Tom, Dick and Harry are the main characters in this story. Tom sells Dick 50 Microsoft shares for $1000 ($20 each). In this simple process I shall skip the mediation of the NYSE, the payment of stamp duty and other brokerage charges. So far the transaction between Tom and Dick is a SUM0 one as $1000 dollars went from Dick's bank account to Tom's bank account. Now this is the time when things start going a little bit pear shaped. Tom is happy and Dick is also happy as, on the following day, he notices that his Microsoft shares are now quoted at $24 each. So now he has $1200... and with glee he goes into his Microsoft Money file and puts there, on the top of his bank money (let us assume $5000 for practical purposes), the 50 shares. The software/books now show that he has $6200 in "assets". And Dick thinks "Great! I have made a $200 profit overnight." This is wrong because suddenly we are out of the SUM0 environment as originally Tom had no money in the bank and Dick had $6000. Now Tom has $1000 and Dick has $6200 which, if you add both amounts, makes a total of $7200. As if by magic $1200 have been generated, money for nothing surfaced. The good news is that this will revert to a SUM0 process when Harry arrives and buys Dick's Microsoft shares for $1200. However this event could occur between 5 minutes and 15 years. Then all accounts will be reconciled. In the meantime for all practical purposes the economy will be better off/increased/profited by $1200 by the simple touch of a button. And on a cascading process after Dick's sale, nothing impedes Harry to err into the same misconception and state that his "assets" include now 50 Microsoft shares. This is a basic mistake on a simple product as shares are. Worse, banks are willing to take shares as collateral for loans and other more convoluted financial products, therefore validating the mistake in their own books. So lets be clear... shares can (should) only be accountable in a SUM0 environment AFTER being sold, exchanged for cash. At best only its nominal value ($0.20?) should enter anyone books at any time. The thing is no one likes to digest the concept that, until the shares are sold, they are effectively having a loss. Harry does not want it, neither does Tom or Dick. Oh by the way, neither do the financial institutions, governments, IRS, etc. And this triple-entry just gets accounted every second of our modern lives and it is worth what... $4 trillion?
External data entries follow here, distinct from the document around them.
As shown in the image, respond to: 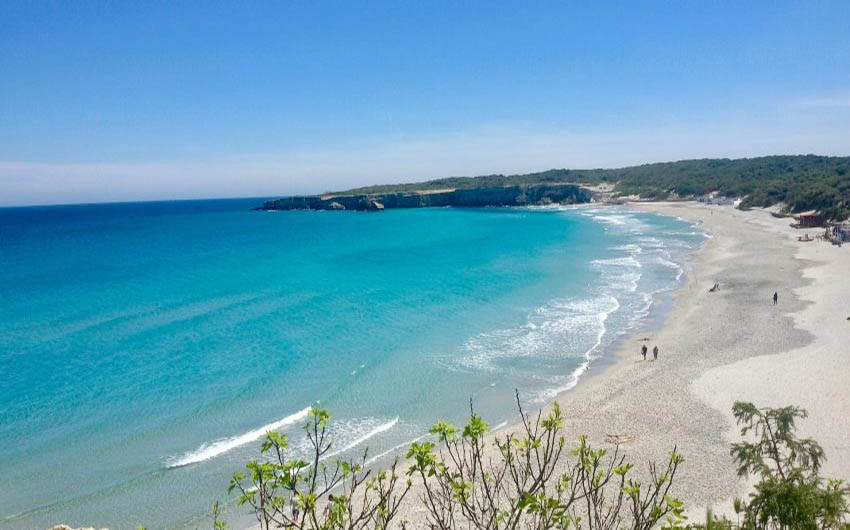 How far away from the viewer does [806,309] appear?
1267 inches

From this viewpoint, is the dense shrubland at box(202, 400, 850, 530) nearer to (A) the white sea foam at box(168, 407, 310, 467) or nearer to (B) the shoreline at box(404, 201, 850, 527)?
(B) the shoreline at box(404, 201, 850, 527)

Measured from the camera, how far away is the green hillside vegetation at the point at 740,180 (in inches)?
3019

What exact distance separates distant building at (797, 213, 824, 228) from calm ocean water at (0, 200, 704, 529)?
17723 mm

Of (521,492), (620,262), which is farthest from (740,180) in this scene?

I tend to smile with the sensational news that the Stock Exchange had assets of $100 billion wiped out on a single day as if the cash went down the toilet. Don't worry and don't run to put your money back into it out of pity. The cash just went somewhere else. In trading and on SUM0 the profit of one is always somebody else loss. So that $100 billion is almost certainly in someone bank account somewhere.
The only time there is a SUM0 environment for a share trade is on transaction number 1 when effectively cash goes from someone pocket into the corporation (e.g. Microsoft) that floated on that particular day. People and corporations that make the first transaction and give money to Microsoft, will file in their books the value of their shares as "real" money (as Tom, Dick and Harry did) effectively doubling the cash as it "shows" in their accounts AND in Microsoft's bank. However only Microsoft has indeed real money. What should you call the "other" money? Well... the best description should be fantasy money but I will leave a vox populi name for it. When discussing house prices with my builder Chris, a couple of years ago, plus mortgages and remortgages he said "There's too much money given away and most of it is silly money!". He had the gut feeling that something was not right. So I shall describe the "Money for Nothing" as Silly Money... and how silly? My estimate is around $300 trillion!!! worldwide. As silliness goes, this one must be pretty close to the top.